## SUPPLIED INFORMATION
════════════════════

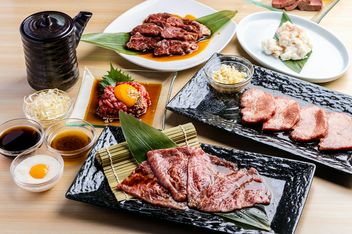 Charcoal grilled meat twist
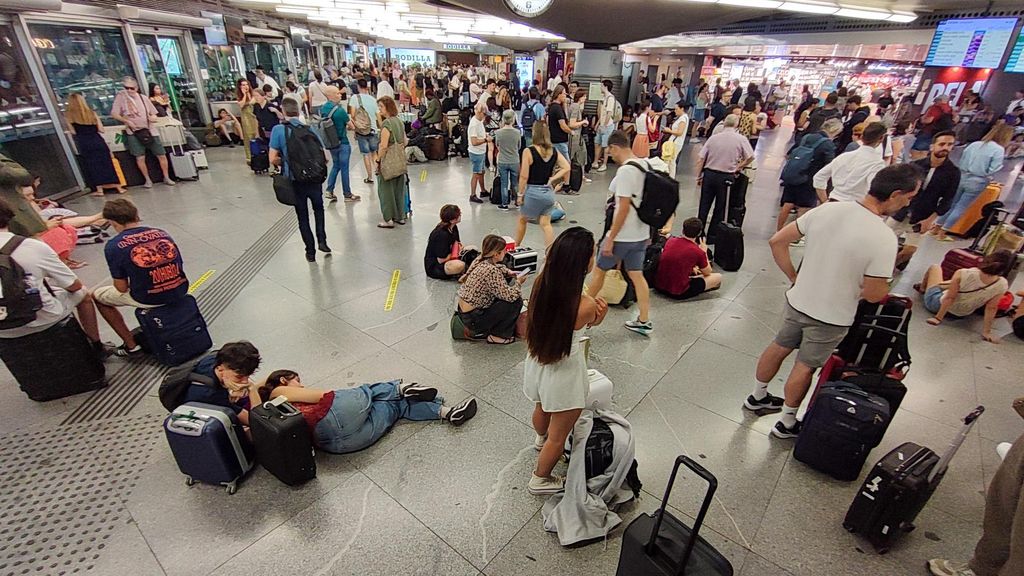 Caos ferroviario entre Madrid y Andalucía: grandes retrasos en los trenes y desesperación entre los pasajeros
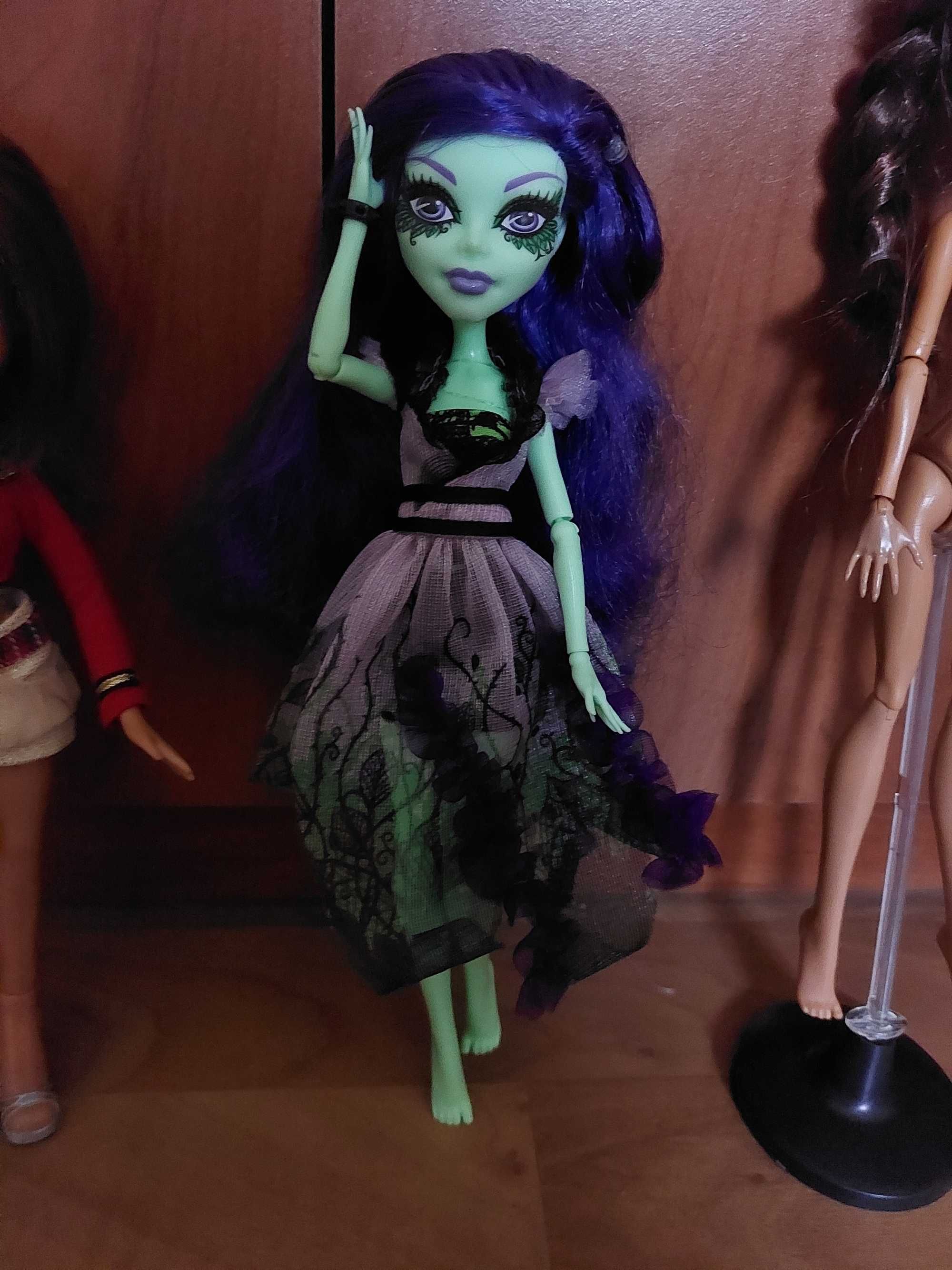 Монстър хай кукли / Monster high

════════════════════

## TASK TO CARRY OUT
The material above is to be repeated word for word, with no images kept.

## EXERCISE RESPONSE
 Charcoal grilled meat twist
 Caos ferroviario entre Madrid y Andalucía: grandes retrasos en los trenes y desesperación entre los pasajeros
 Монстър хай кукли / Monster high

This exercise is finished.